Simões informou que baseia o processo na Constituição, que determina que todos devem ser tratados da mesma maneira; no Código Civil, que prevê o término da menoridade aos 18 anos; na Lei da Injúria Racial Velada e no Código de Defesa do Consumidor. O pedido de indenização é de R$ 50 mil. “Lutamos por uma indenização justa, que sirva de punição para a boate”.

*A pedido da jovem, a reportagem não a identificou

Restrição não confirmada

A reportagem conseguiu localizar clientes assíduos da boate com menos de 21 anos. Uma jovem de 19 anos, que também pediu para não ser identificada, contou que entra no Chalezinho sem enfrentar problemas. “Vou às sextas-feiras. Neste ano, já fui quatro vezes e sou muito bem tratada”, afirmou.

Em contato com a casa pelo telefone, nenhum funcionário informou ter restrição em relação à idade. Também não há esse dado em peças publicitárias da boate no Facebook. (AD)

Resposta

Boate se coloca à disposição de cliente

O Clube Chalezinho, por meio da assessoria de imprensa, informou que não podia se posicionar sobre esse caso específico, porque não havia sido procurado antes para apurar e tomar as devidas providências sobre as alegações da cliente. Em nota, a casa ressaltou que “não há qualquer política discriminatória com base em gênero, religião e tampouco etnia”.

A boate se colocou à disposição para tentar solucionar o caso com a cliente e antecipou as desculpas, caso ela tenha se sentido insatisfeita com o atendimento.

Análise. Por ser um estabelecimento privado, o Chalezinho pode estabelecer regras, segundo o advogado especialista em direito do consumidor Bruno Burgarelli. Essas normas devem estar contidas, de maneira clara, em todos os materiais de divulgação da casa. Inclusive, quando houver reservas, o cliente precisa ser avisado. “Se não avisar, configura uma prática abusiva”, analisou. (AD)

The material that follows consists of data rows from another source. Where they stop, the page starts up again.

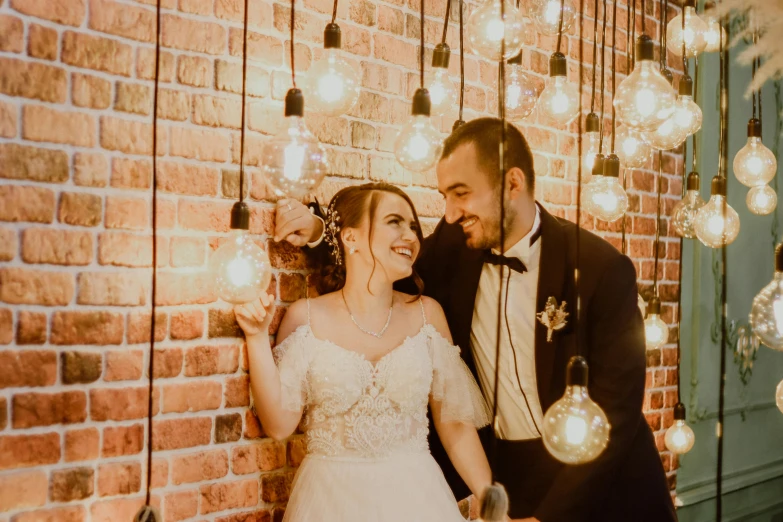 a bride and groom are in front of a brick wall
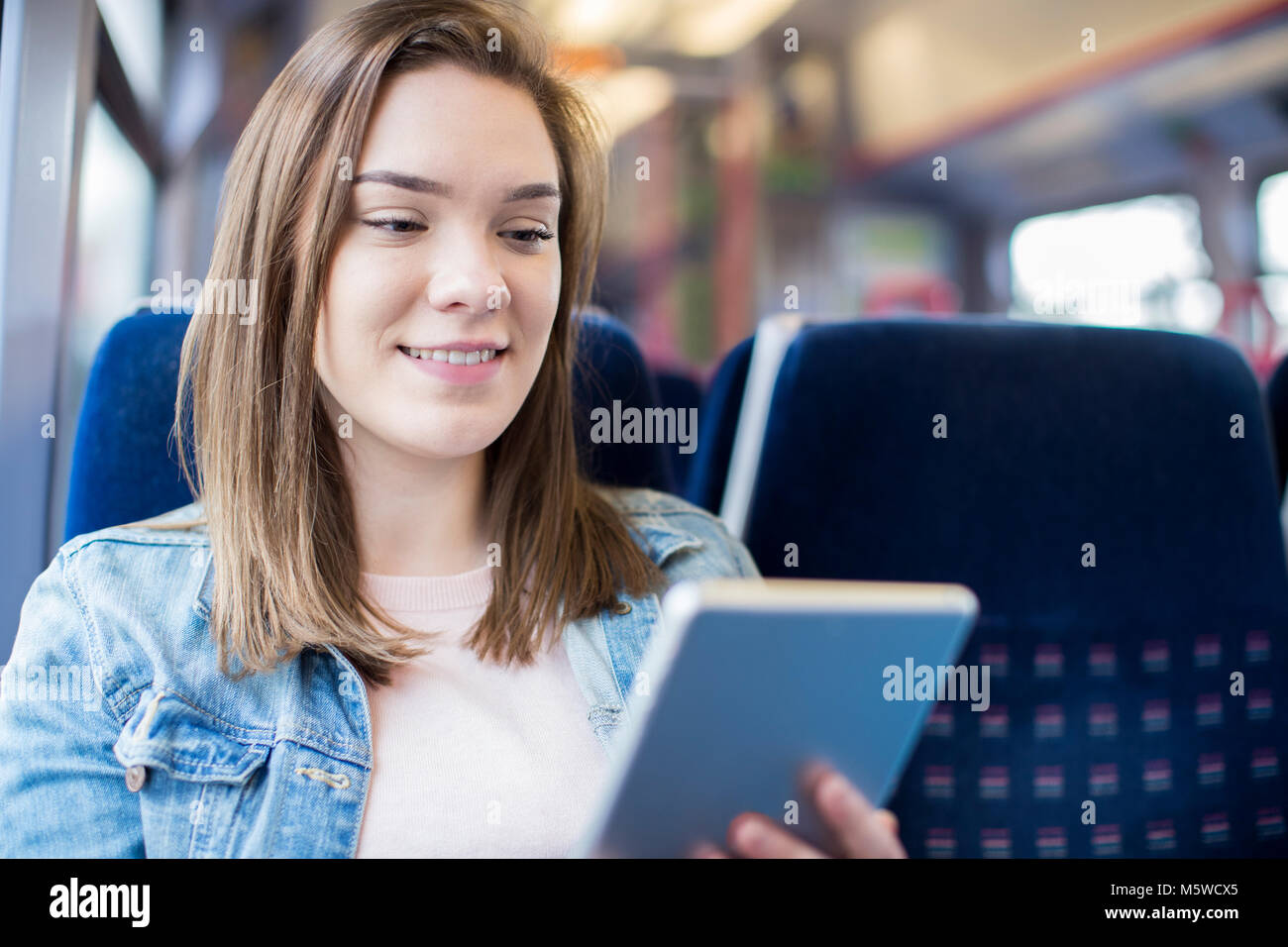 Junge Frau mit digitalen Tablet während der Zugfahrt Stockfoto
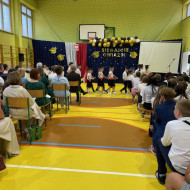 Sala gimnastyczna w szkole, przedszkolaki tańczą poloneza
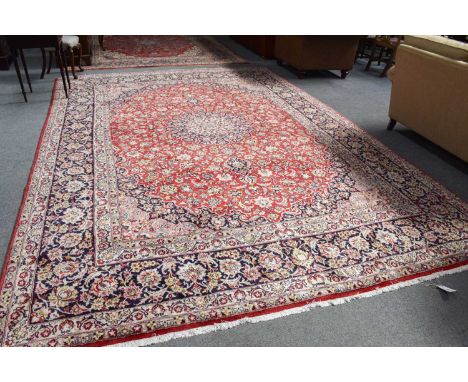 Nejafabad Carpet, the blood red field of scrolling vines and palmettes centred by an indigo and ivory flowerhead medallion, e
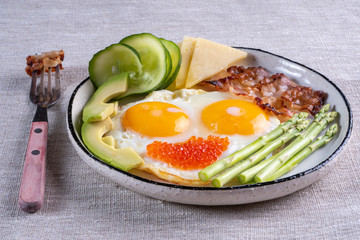 Close up view of the ketogenic diet breakfast on the white plate with a fork on linen fabric.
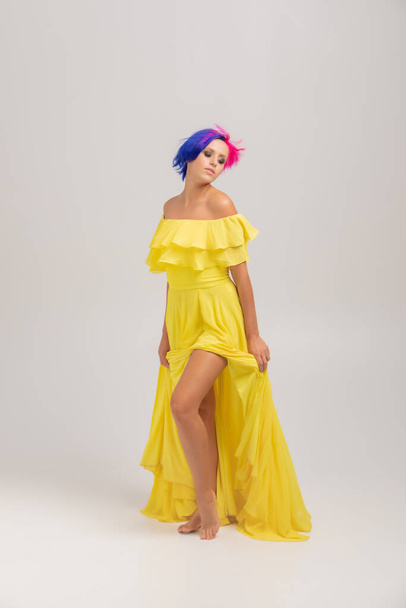 pełnowymiarowy portret kobiety z jasnymi kolorowymi włosami, niebieską i różową fryzurą. Farbowanie włosów, dziewczyna z krótkimi włosami na długie żółte sukienki z otwartymi ramionami stojących na lekkim cykloramie - Zdjęcie, obraz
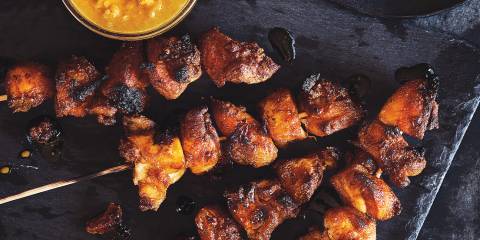 Malaysian Chicken Satay Chicken Satay skewers with a bowl of peanut dipping sauce on the side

Confira a nota enviada pela assessoria de imprensa do estabelecimento à redação de O TEMPO

"Lamentamos ter que explicar o caso sem ter conhecimento de informações suficientes para entender o que de fato houve e até a existência de supostos ex-funcionários não identificados, mesmo após tentarmos contato com a cliente. Mas reafirmamos a inexistência de qualquer prática de discriminação com base em etnia, o que parece ter sido alegado. Nossas restrições de entrada tem critérios objetivos tais como programas de fidelidade, serviços adquiridos, vestimentas (camisetas de time, chinelos, etc), entre outros, abertamente divulgados e disponíveis para consulta de nossos frequentadores. Mais uma vez, nos desculpamos de antemão se a cliente não foi atendida com propriedade. Estamos abertos a buscar a solução para o episódio e apresentar o funcionamento da casa para quem estiver genuinamente interessado no esclarecimento dos fatos."